Women of Sicliy
RIGHTS SOLD TO:
Historical Quest (Greek); Jajellonian (Polish)
A clever, contemporary and ironic take on the island continent that is Sicily.
Gaetano Savatteri does away with cliches and gives us a wonderful portrait of Sicilian women: princesses and nuns, rebels and jailers, saints and prostitutes, actresses and peasant farmers, who have sometimes accepted but more often reinvented their destiny.

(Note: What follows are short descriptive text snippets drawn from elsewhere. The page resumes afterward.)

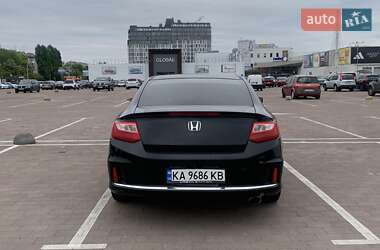 Купе Honda Accord 2013 в 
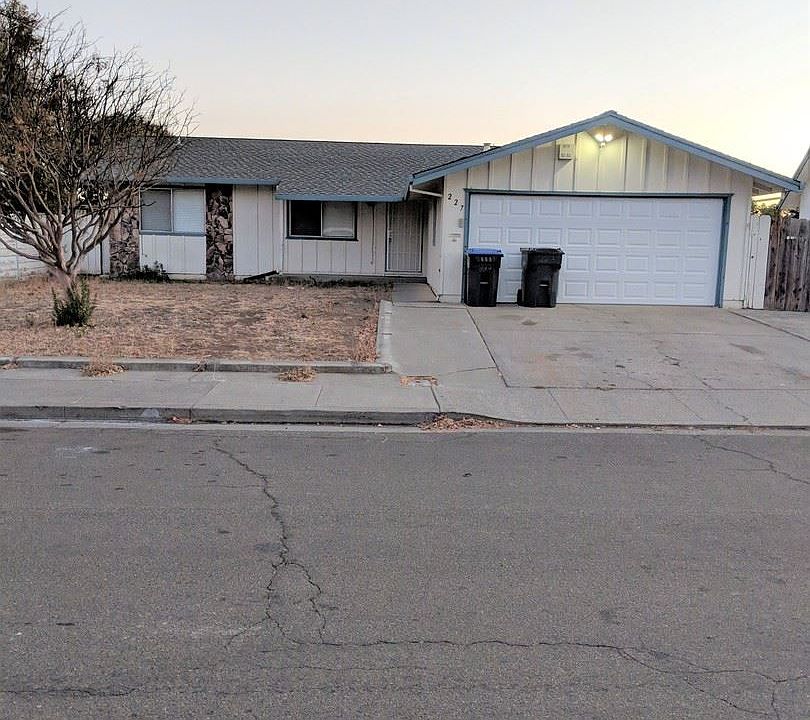 1st image of 227 Daphne Dr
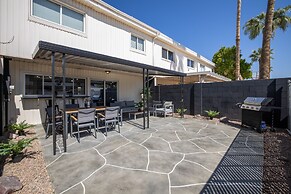 Scottsdale 83rd Row 4 Bedroom Townhouse by RedAwning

The Sicilian woman has long been represented in literature, film and advertising as a stylised figure: dressed in black, isolated by jealousy, seeing her instincts punished by her family. Of course, this is a far cry from reality. We therefore need to restore the richness and variety of so many stories that bear no relation to this archetype, and to ask whether there really is a character shared by the women from the largest island in the Mediterranean. In this book, we discover that, while there is some truth to the fictional character played by Claudia Cardinale in Big Deal on Madonna Street (“Carmelina, compose yourself!”), in reality, a century earlier there were fearsome socialist fighters in Piana degli Albanesi, and in the 19th century women who took to the streets with no intention of composing themselves. Savatteri paints a rich and colourful portrait: from Palermo’s patron saint Rosalia to Franca Viola who changed laws and customs, from Emanuela Loi (the first female police officer killed by the mafia) to Ninetta Bagarella (wife of mafia boss Bernardo Provenzano), from the singer Rosa Balistreri to the publisher Elvira Sellerio, from the first Miss Italy to Italy’s first divorcee.